# 02 — Map Client Schema (Prototype)

**Objective:** Prototype an AI-based column mapping tool.

**Note:** This logic has been integrated into `01_prepare_data.ipynb` as Section B.0.
This notebook remains as a standalone tool for testing and refining the mapping
prompt independently of the full data preparation pipeline.

### Why this matters

Every FI's core banking system exports transaction data with different column names.
Bank Plus (Jack Henry SilverLake) uses `TRANCD`, `EFHDS1`, `EFHDS2`, etc. Another
FI on FIS or Fiserv might call them `TxnCode`, `Description`, `Memo`. Before the
categorization pipeline can run, we need all client data normalized to a single
universal format.

### Canonical output columns

| Canonical Column | Description |
|-----------------|-------------|
| `transaction_code` | Numeric transaction code (primary key for categorization) |
| `description_1` | Primary transaction description text |
| `description_2` | Secondary description / memo line |
| `amount` | Transaction amount |
| `transaction_date` | Date the transaction occurred |
| `posting_date` | Date the transaction was posted |
| `account_number` | Account identifier |
| `account_status` | Account status code |
| `internal_account` | Internal/alternate account number |
| `transaction_desc` | Transaction type description (may be empty) |

### Approach

1. Take Bank Plus NON_POS data (which has client-specific column names like `TRANCD`, `EFHDS1`).
2. Use `ai_query()` to ask the LLM to map each client column to the canonical schema.
3. Validate against the known correct mapping.
4. Apply the mapping to produce a standardized DataFrame.
5. Save the mapping to Unity Catalog for downstream use.

**Runs on:** Databricks Runtime 15.4 LTS or above.

In [0]:
# ── Configuration ─────────────────────────────────────────────────
CATALOG_NAME = "ciq-bp_dummy-dev"
SCHEMA_NAME  = "default"
MODEL_NAME   = "databricks-claude-opus-4-6"

RAW_NON_POS_PATH = "../data/bank-plus-data/raw/CheckingIQ_NON_POS_Daily_012626_rerun.csv"

MAPPINGS_TABLE = f"`{CATALOG_NAME}`.`{SCHEMA_NAME}`.client_column_mappings"
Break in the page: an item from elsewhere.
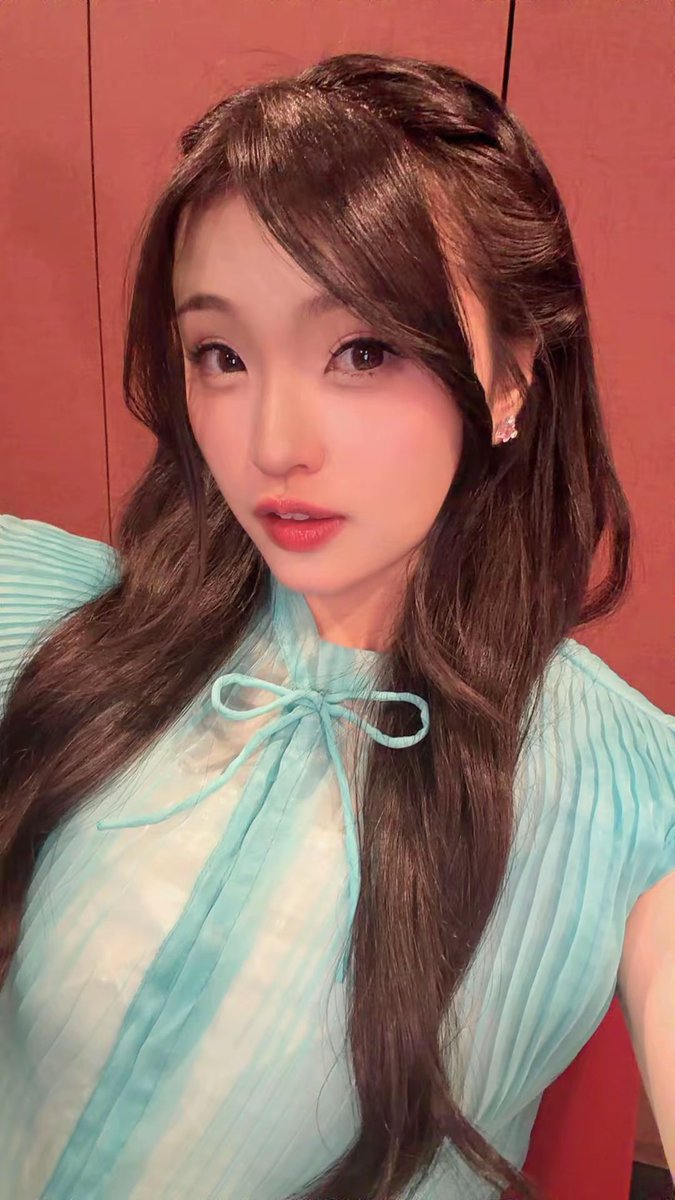 Y_CynthiaJKT48's tweet photo. Thank you Itadaki hari ini yah! Seneng sekali bertemu lagi dengan kalian 💗 membuatku merasa deg’an dalam hati saat ku tatap paras wajahku di cermin 🥹🪞 WOW makasih ya udah mau dengerin aku bonus song satu setlist! Selamat STS adik geci! Dan hatihati di jalan pulang yah kalian! Harus istirahat karena besok senin 😜 Semangat ol 🫶🫶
# Generic canonical schema — universal column names for ALL clients.
# Every client's data gets mapped to these same column names.
CANONICAL_SCHEMA = {
    "transaction_code":  "Numeric transaction code (primary key for categorization)",
    "description_1":     "Primary transaction description text",
    "description_2":     "Secondary description / memo line",
    "amount":            "Transaction amount",
    "transaction_date":  "Date the transaction occurred",
    "posting_date":      "Date the transaction was posted",
    "account_number":    "Account identifier",
    "account_status":    "Account status code",
    "internal_account":  "Internal/alternate account number",
    "transaction_desc":  "Transaction type description (may be empty)",
}

# For Bank Plus, we know the correct mapping from their columns to canonical.
# This is the ground truth used to validate the AI output.
BANK_PLUS_CORRECT_MAPPING = {
    "TRANCD":      "transaction_code",
    "EFHDS1":      "description_1",
    "EFHDS2":      "description_2",
    "AMT":         "amount",
    "TRDATE":      "transaction_date",
    "PostingDate":  "posting_date",
    "ACCTNO":      "account_number",
    "status":      "account_status",
    "Account#":    "internal_account",
    "description": "transaction_desc",
}

print(f"Model: {MODEL_NAME}")
print(f"Output table: {MAPPINGS_TABLE}")
print(f"Canonical columns: {list(CANONICAL_SCHEMA.keys())}")

---
## Step 1 — Load client data sample

We take the first 20 rows of Bank Plus NON_POS data. These columns (`TRANCD`,
`EFHDS1`, `EFHDS2`, etc.) are client-specific — the AI must map them to our
generic canonical column names.

In [0]:
import pandas as pd
import json
import csv

def load_raw_csv_sample(path, n_rows=20):
    """
    Robust CSV loader that handles unquoted commas in EFHDS1/EFHDS2.
    Parses from both ends: front 6 cols + tail N cols are safe,
    middle gets merged back into EFHDS1 + EFHDS2.
    """
    with open(path, "r") as f:
        reader = csv.reader(f)
        header = next(reader)

    header = [c.strip() for c in header]
    n_expected = len(header)
    n_front = 6                        # ACCTNO → AMT
    n_tail  = n_expected - 6 - 2       # Account# → end

    rows = []
    with open(path, "r") as f:
        reader = csv.reader(f)
        next(reader)  # skip header
        for fields in reader:
            if len(rows) >= n_rows:
                break
            n = len(fields)
            if n == n_expected:
                rows.append(fields)
            elif n > n_expected:
                front  = fields[:n_front]
                tail   = fields[n - n_tail:]
                middle = fields[n_front : n - n_tail]
                efhds1 = ",".join(middle[:-1])
                efhds2 = middle[-1]
                rows.append(front + [efhds1, efhds2] + tail)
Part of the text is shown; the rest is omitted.